Welcome to the forum and congratulations on your Zenith! Indeed the second hand could be 1/10th second off. Tough call but if you're sure it's off and it will bother you simply return it. What's another month if you want to keep and enjoy this watch for many years?


----------



## yinyinlayyuu (Jun 4, 2020)

heb said:


> Such alignment issues are quite common for ALL BRANDS of mechanical chronographs, regardless of cost. To have a perfectly functioning mechanical chronograph with perfect resets and perfect coordination of all chronograph hands is very rare. Anyway, it would and does bother me too; send it in. But in my experience, the first time may or may not fix the problem. So please hang in there.
> 
> Good luck,
> heb


Thank you for sharing your experience. It will keep that in mind.


----------



## yinyinlayyuu (Jun 4, 2020)

sempervivens said:


> Welcome to the forum and congratulations on your Zenith! Indeed the second hand could be 1/10th second off. Tough call but if you're sure it's off and it will bother you simply return it. What's another month if you want to keep and enjoy this watch for many years?


Thank you. I am pretty sure it is off and I asked a friend to look at in metal to make sure that my eyes are not tricking me. I appreciate you for the motivation. I just contacted the seller that I would like to return the watch.


----------



## WTSP (May 6, 2012)

Wow, full return? I agree that sending it back by mail to get it fixed would be a huge pain and potentially result with the issue not being fully resolved or with a new issue being created (scratched caseback, dust under the crystal, etc. ). 

I’d almost be tempted to have a local watch shop adjust it, if there’s somebody you can trust. Technically it might void any warranty that you might have, but that’s only if the seller finds out...
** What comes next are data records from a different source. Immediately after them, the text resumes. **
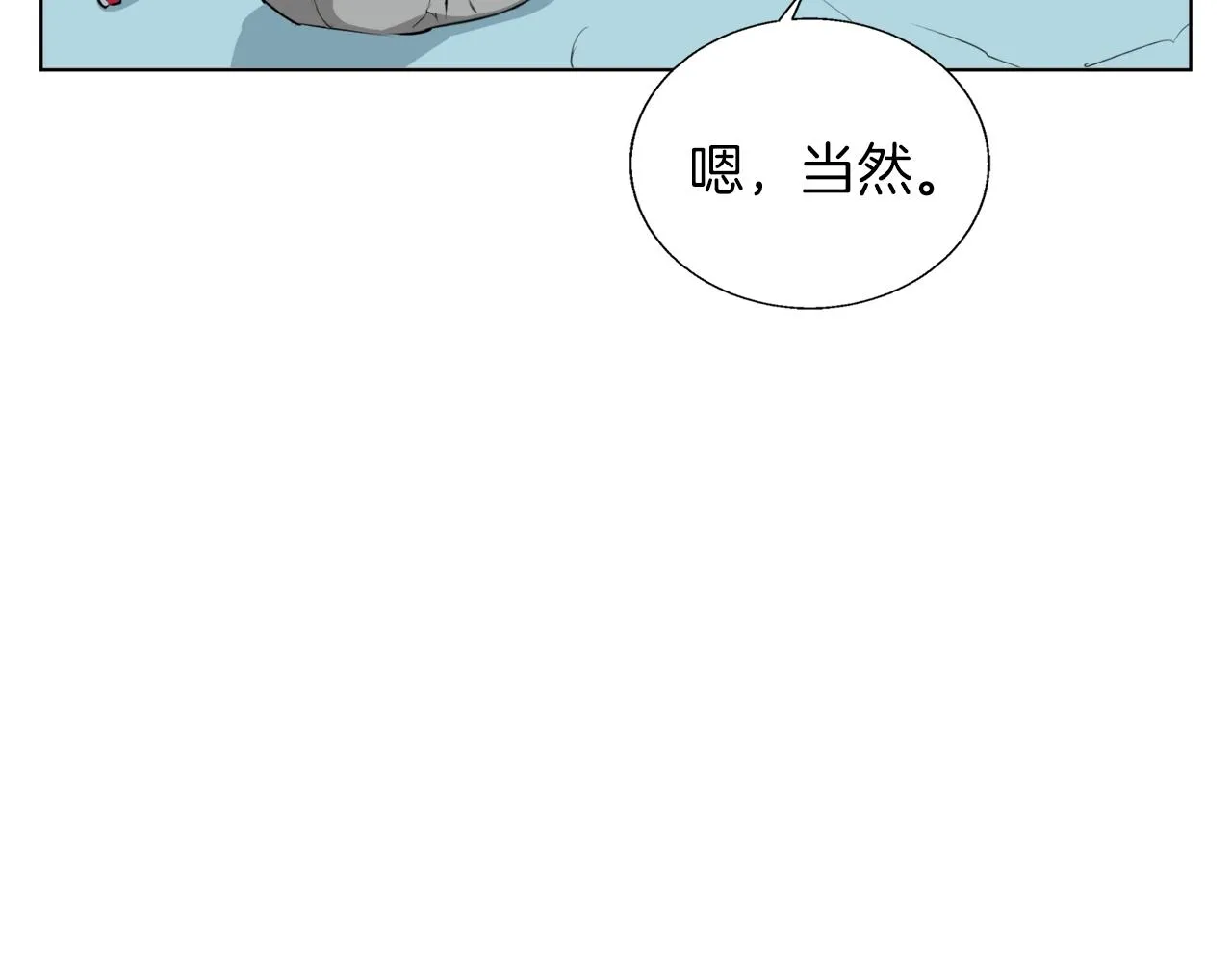 第66话 暗恋的压力 第71页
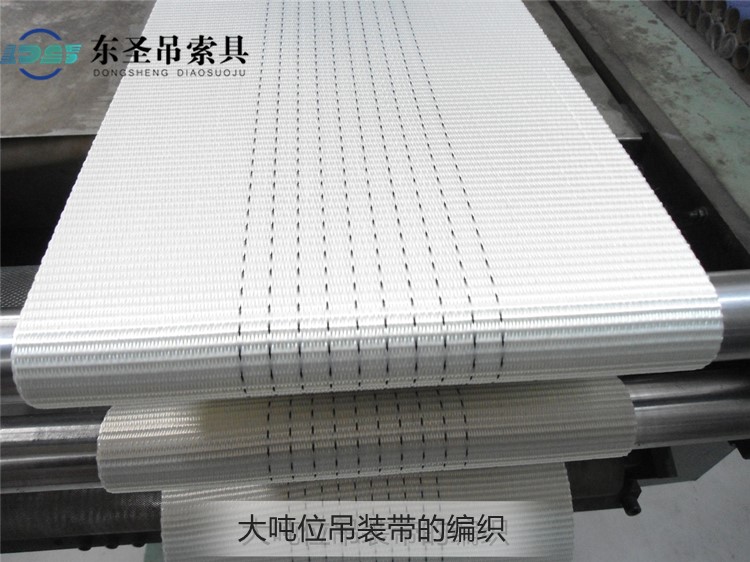 大吨位吊装带织带编织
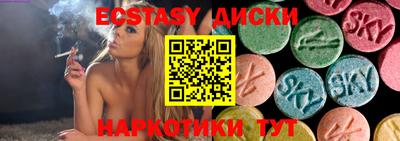 экстази Пенза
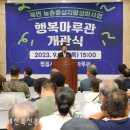 북면 행복마루관 이미지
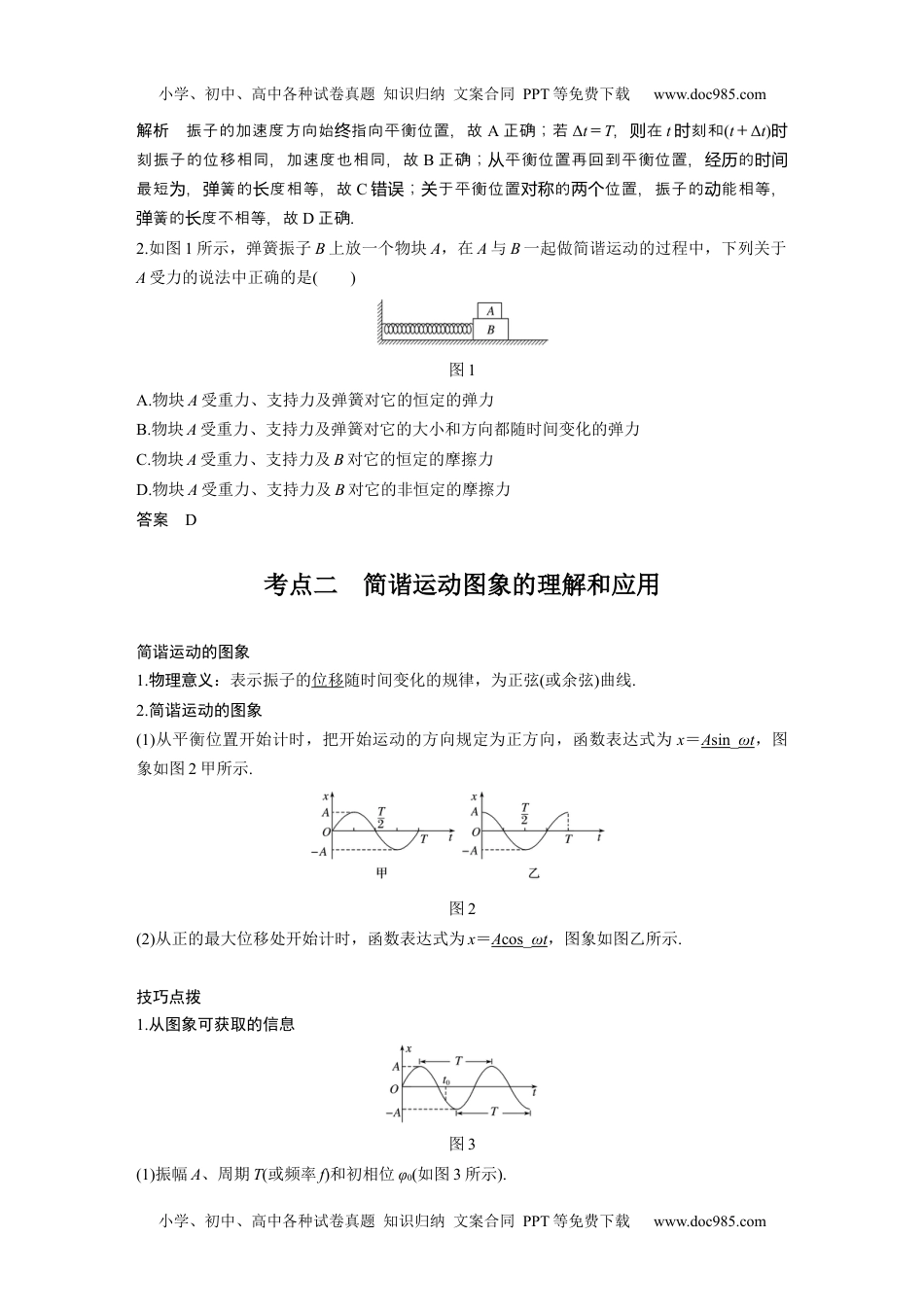 高中物理 选修第2册 新课改17 B机械振动 中档版.docx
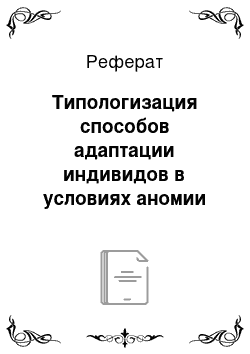 Реферат: Типологизация способов адаптации индивидов в условиях аномии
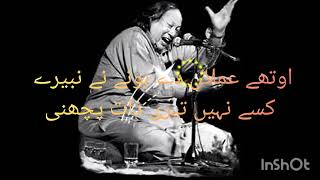 Nusarat Fatah Ali Khan \\kessyNi Teri Zat PuchniAyesha Poet [upl. by Tnelc]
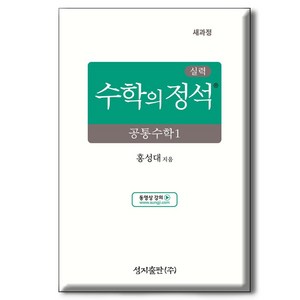 실력 수학의 정석 공통수학 1, 수학영역, 고등1학년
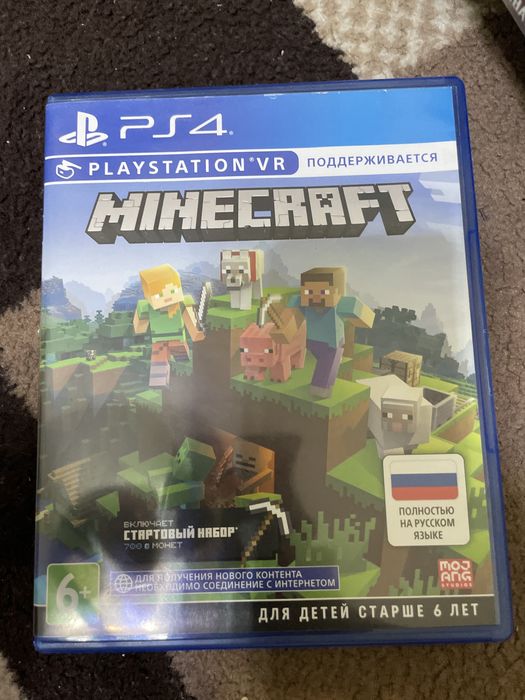 Диски для PS4 с гарантий 1год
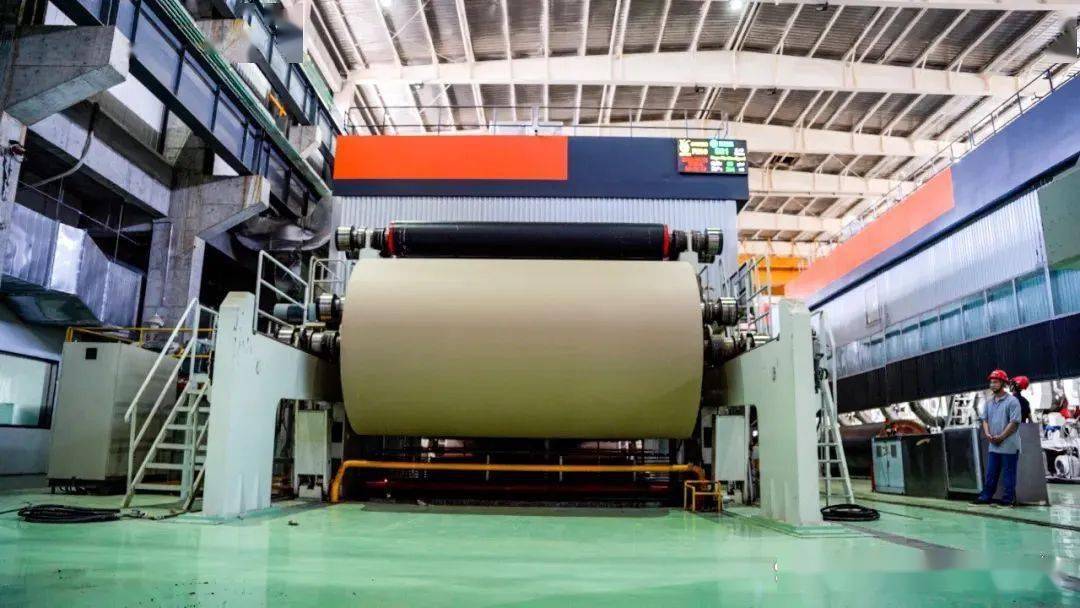 9亿元,集200万吨造纸,配套物流,造纸机械设备制造及维修于一体.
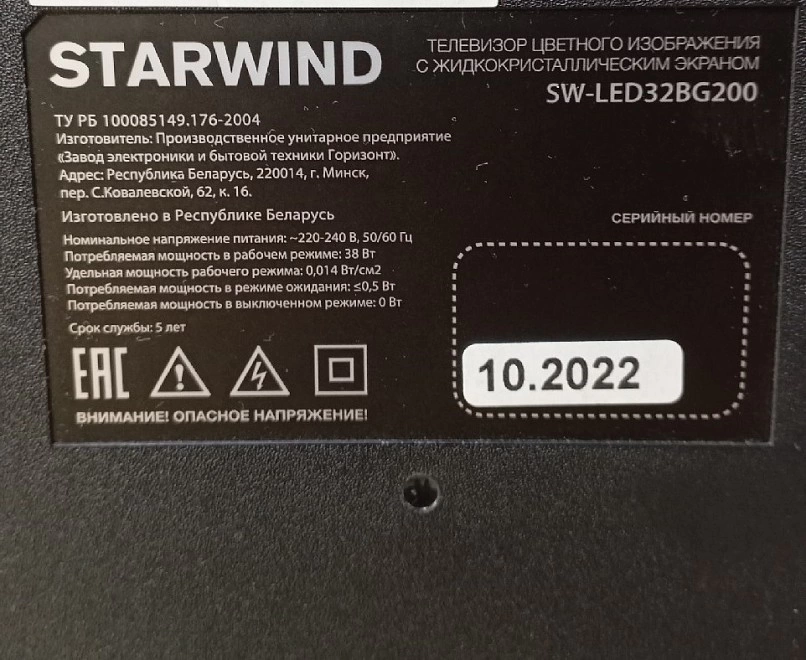 Телевизор StarWind  SW-LED32BG200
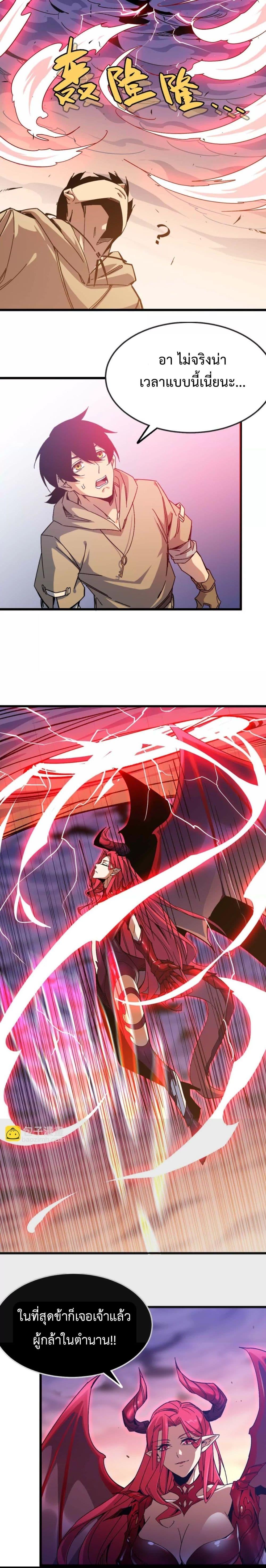 Manga-lc-com อ่านมังงะ อ่านการ์ตูน ออนไลน์ ฟรี Hero X Demon Queen ตอนที่ 1 2 3 4 5 6 7 8 9 10 11 12 13 14 ฟรี ไม่มีโฆษณา Manga-lc - อ่าน มังงะ อ่าน การ์ตูน ออนไลน์ อ่านมังงะ ฟรี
On occasion I’ll open a watch myself to fix simple stuff, like screws or other matter floating around in the case. You’d want to have the right tools and some confidence before inboxing a movement and removing the central seconds hand though. They have very thin posts.


----------



## Malilis (Mar 12, 2013)

WTSP said:


> Wow, full return? I agree that sending it back by mail to get it fixed would be a huge pain and potentially result with the issue not being fully resolved or with a new issue being created (scratched caseback, dust under the crystal, etc. ).
> 
> I'd almost be tempted to have a local watch shop adjust it, if there's somebody you can trust. Technically it might void any warranty that you might have, but that's only if the seller finds out...
> 
> On occasion I'll open a watch myself to fix simple stuff, like screws or other matter floating around in the case. You'd want to have the right tools and some confidence before inboxing a movement and removing the central seconds hand though. They have very thin posts.


I fully agree with the above opinion .. to adjust this hand is not very difficult .. a competent watchmaker should be able to fix it .. and to avoid sending it back is appreciable!
Good luck,


----------



## lvt (Sep 15, 2009)

Try to run the chronograph for a couple of days while resetting the chrono from time to time to see if it fixes itself.

Personally I found the watch quite interesting and I may pay a little money to have it fixed by a good local watchmaker. Reinstalling the chrono hand shouldn't take long as it doesn't involve any other operation on the movement.


----------



## _Mechanical_Art_ (Jun 2, 2020)

Such a small discrepancy is well within reason, especially for a brand new timepiece.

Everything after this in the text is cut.